For low cost dedicated macro lens, you may want to look for Cosina 100mm f/3.5 macro lens.  I do not think they make the lens anymore, but I saw it listed once in awhile on craigslist as well as ebay.  If you find one, make sure the lens comes with a diopter.  With the diopter, it is capable of 1:1 macro.  From what I read on the net, build quality is only 2 out of 5 stars, but it is quite good optically.  For a little over $100 new, I think it is a bargain.

This is the flickr group and you will see a lot of examples there.
Flickr: The Cosina 100mm f/3.5 Macro Pool

Cosina also make the lens for other company, so you may also look for Vivitar, Promaster, Phoenix ...


Reviews:
Vivitar Lens: Primes - Vivitar 100mm f/3.5 AF Macro - SLRgear.com!
Phoenix AF 100mm f/3.4 Macro Lens - A Nikonians Product Review
Cosina AF 100mm f/3.5 macro (Pentax) - Review / Lab Test Report


A search in ebay yields few Nikon mount lenses there.
100mm f 3.5 macro | eBay


----------



## Ron Evers (Aug 22, 2011)

Something else one may consider is the use of a Raynox DCR 150 or 250 clip-on close-up lens.  They sell for about $80 & will clip onto the front of most lenses.  I just took a quick shot of a raisin with a DCR 150 on a Vivitar 135/2.8 @ f14 & 1/4s.  The distance from the lens to the subject is 7"/18cm.
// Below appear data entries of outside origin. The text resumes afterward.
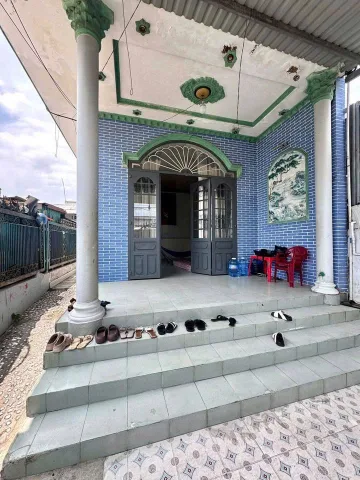 Bán Nhà riêng 97m² thổ cư 97m² giá 980 triệu tại Đường Tô Ký Xã Thới Tam Thôn Huyện Hóc Môn TP. Hồ Chí Minh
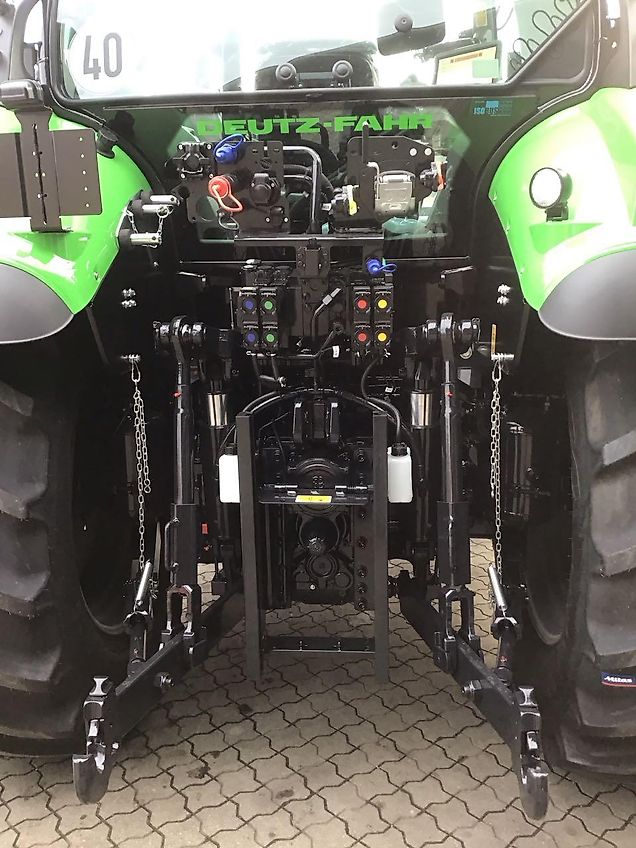 Deutz-Fahr 6140.4 TTV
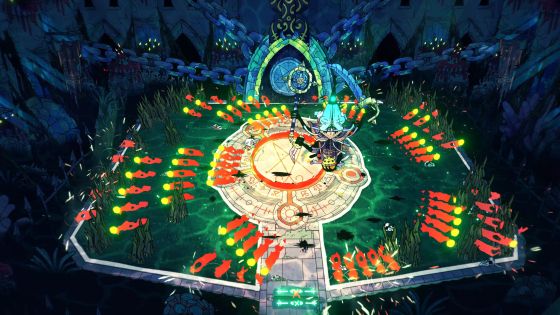 Cult of the Lamb screenshot 2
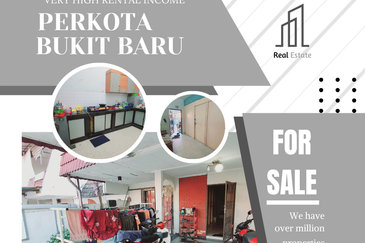 Good Investment 9 Room High Rental Income Perkota Bukit Baru Infineon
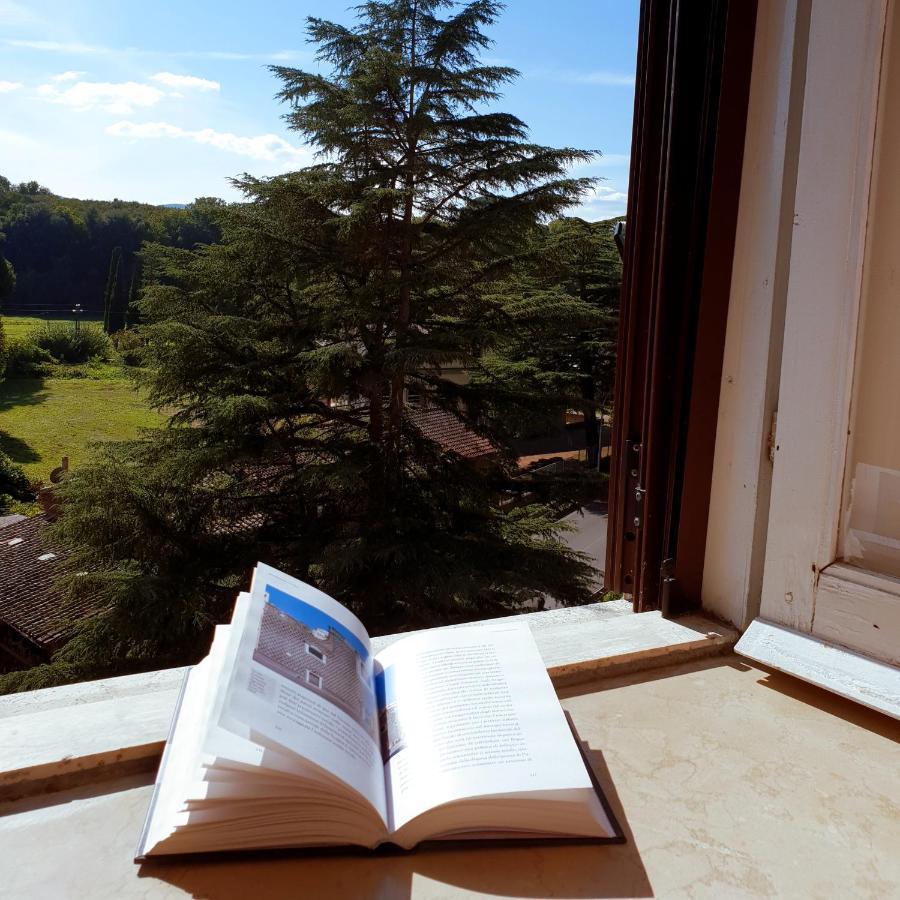 La Casa Dei Libri Vila Sutri Exterior foto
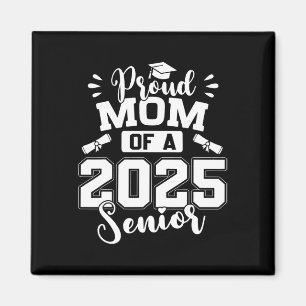 Imán Orgullosa Madre De Una Graduación Superior En 2025
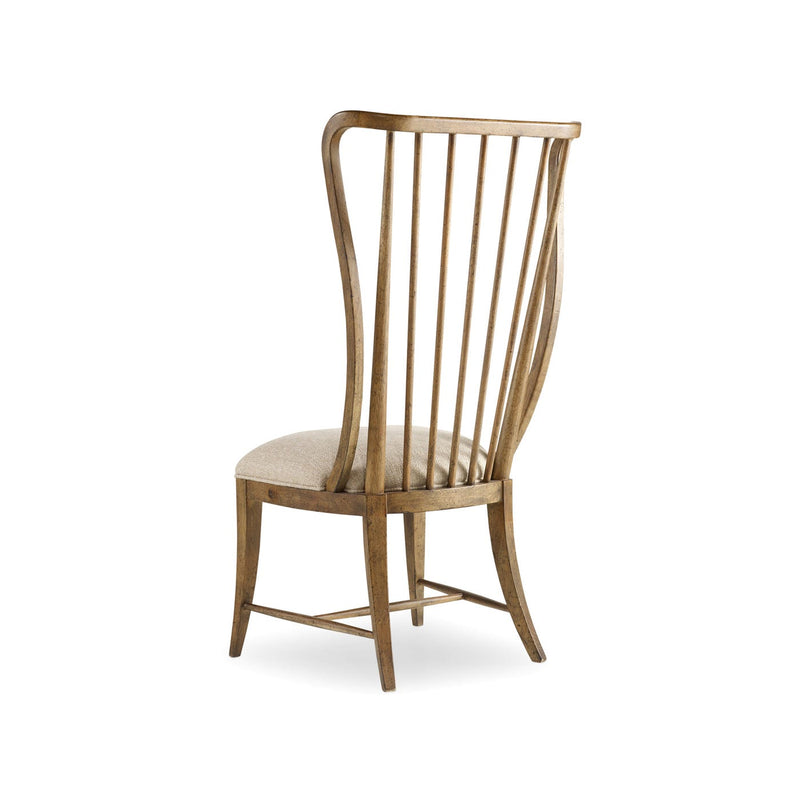 Sanctuary Tall Spindle Side Chair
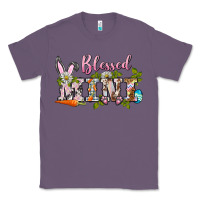 Lavender blessed mini easter Classic Tee - BarkalooDesign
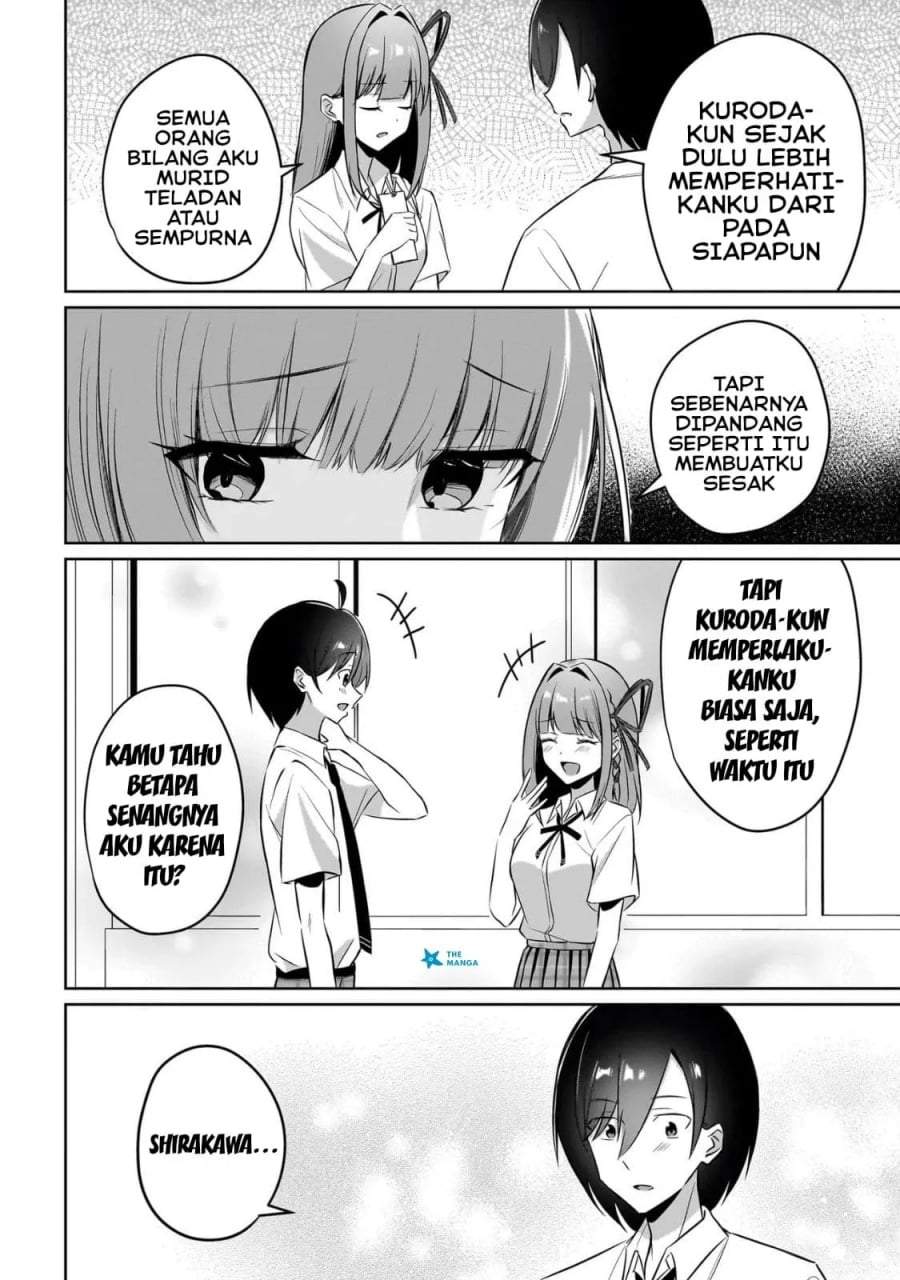 Maigo no Onnanoko o Ie Made Todoketara, Genkan kara Detekita no wa Gakunen Ichi no Bishoujo deshita Chapter 15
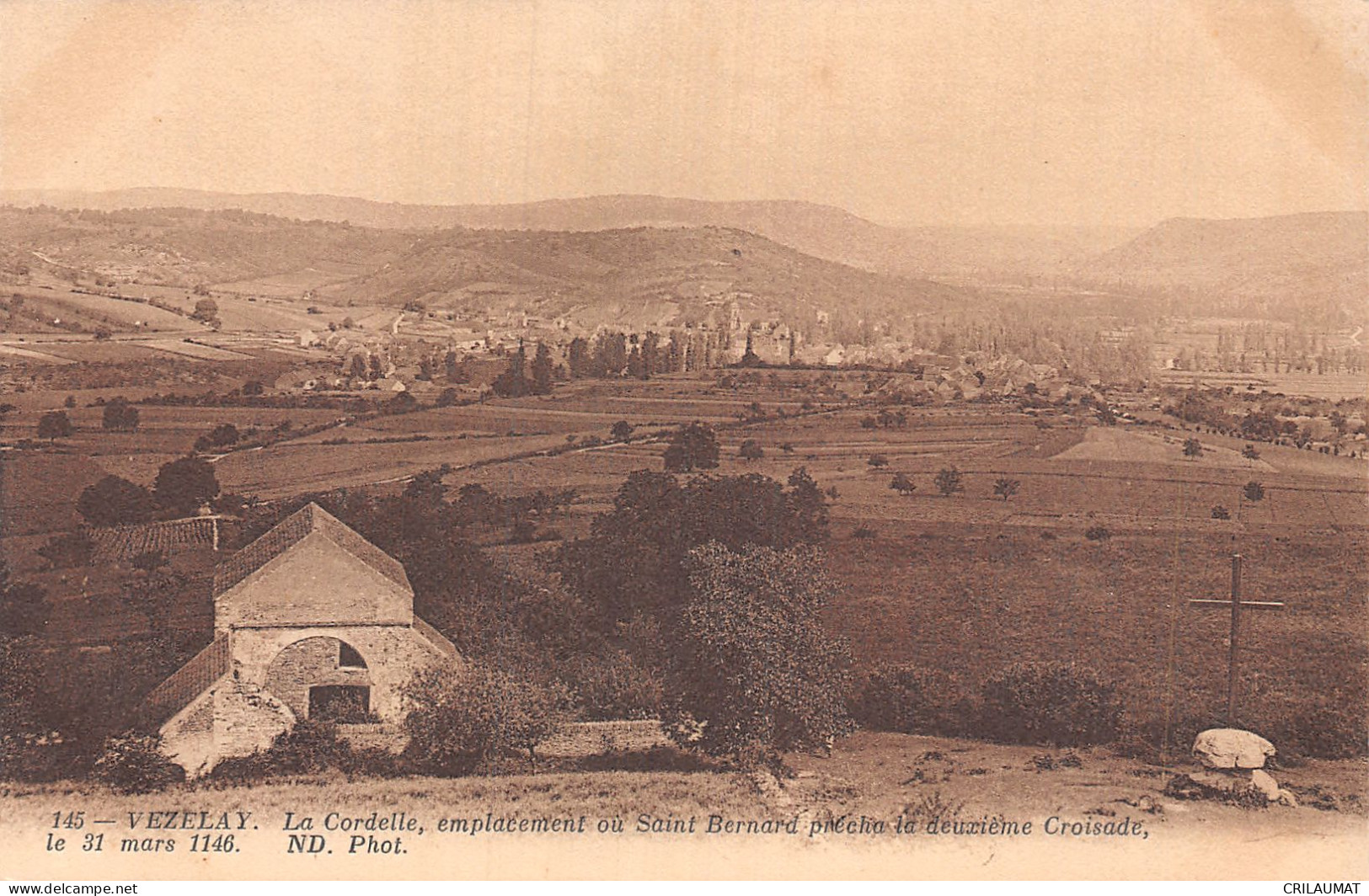 89-VEZELAY-N°5138-G/0289 - Vezelay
This is the full image, no cropping.


----------



## baturn (Aug 22, 2011)

Canon also makes a Macro "lens" that screws on like a filter. Comes in different sizes to fit most lenses. Don't think it gives true1:1 but I used one for awhile and IQ was quite good.


----------



## ~myStical~ (Aug 22, 2011)

> Kenko tubes and the lens you have.



Kenko tube ? On what lens ? i  have a 50mm prime lens.


----------



## ~myStical~ (Aug 22, 2011)

Dao said:


> For low cost dedicated macro lens, you may want to look for Cosina 100mm f/3.5 macro lens.  I do not think they make the lens anymore, but I saw it listed once in awhile on craigslist as well as ebay.  If you find one, make sure the lens comes with a diopter.  With the diopter, it is capable of 1:1 macro.  From what I read on the net, build quality is only 2 out of 5 stars, but it is quite good optically.  For a little over $100 new, I think it is a bargain.
> 
> This is the flickr group and you will see a lot of examples there.
> Flickr: The Cosina 100mm f/3.5 Macro Pool
> ...



Thank you so much . I am going to look into these now :-D


----------



## ~myStical~ (Aug 22, 2011)

Ron Evers said:


> Something else one may consider is the use of a  Raynox DCR 150 or 250 clip-on close-up lens.  They sell for about $80  & will clip onto the front of most lenses.  I just took a quick shot  of a raisin with a DCR 150 on a Vivitar 135/2.8 @ f14 & 1/4s.  The  distance from the lens to the subject is 7"/18cm.
> 
> 
> 
> ...



This is pretty nice too , will the Raynox DCR 150 be  compatible on a 50mm lens ?


----------



## Ron Evers (Aug 22, 2011)

~myStical~ said:


> This is pretty nice too , will the Raynox DCR 150 be  compatible on a 50mm lens ?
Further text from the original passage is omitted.